🤖 AI Summary
In multi-task vision-language instruction tuning, knowledge conflicts across tasks lead to suboptimal overall performance and severe task imbalance. To address this, we propose the Comprehensive Task Balancing (CoTBal) algorithm—the first method to systematically model both cross-task contribution and intra-task difficulty in this domain, enabling knowledge-transfer-aware dynamic task weighting. CoTBal comprises three core components: performance-feedback-driven task difficulty quantification, dynamic weighted task sampling, and multi-task gradient coordination optimization. Extensive experiments on major vision-language understanding and generation benchmarks—including OK-VQA, NoCaps, and VQAv2—demonstrate that CoTBal consistently achieves state-of-the-art or leading performance. It effectively mitigates task interference, improves convergence stability, and enhances generalization across diverse downstream tasks, thereby establishing a new paradigm for balanced multi-task instruction tuning in vision-language models.
📝 Abstract
Visual instruction tuning is a key training stage of large multimodal models (LMMs).

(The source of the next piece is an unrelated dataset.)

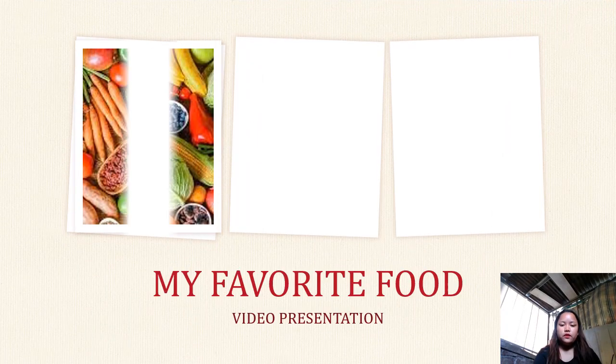Good day everyone, I am Darlene B. Aguirre from B2L2A. So for this video, I have a video presentation about my favorite food. So let's start.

Nevertheless, the common practice of indiscriminately mixing instruction-following data from various tasks may result in suboptimal overall performance due to different instruction formats and knowledge domains across tasks. To mitigate this issue, we propose a novel Comprehensive Task Balancing (CoTBal) algorithm for multi-task visual instruction tuning of LMMs. To our knowledge, this is the first work that explores multi-task optimization in visual instruction tuning. Specifically, we consider two key dimensions for task balancing: (1) Inter-Task Contribution, the phenomenon where learning one task potentially enhances the performance in other tasks, attributable to the overlapping knowledge domains, and (2) Intra-Task Difficulty, which refers to the learning difficulty within a single task. By quantifying these two dimensions with performance-based metrics, task balancing is thus enabled by assigning more weights to tasks that offer substantial contributions to others, receive minimal contributions from others, and also have great intra-task difficulties. Experiments show that our CoTBal leads to superior overall performance in multi-task visual instruction tuning.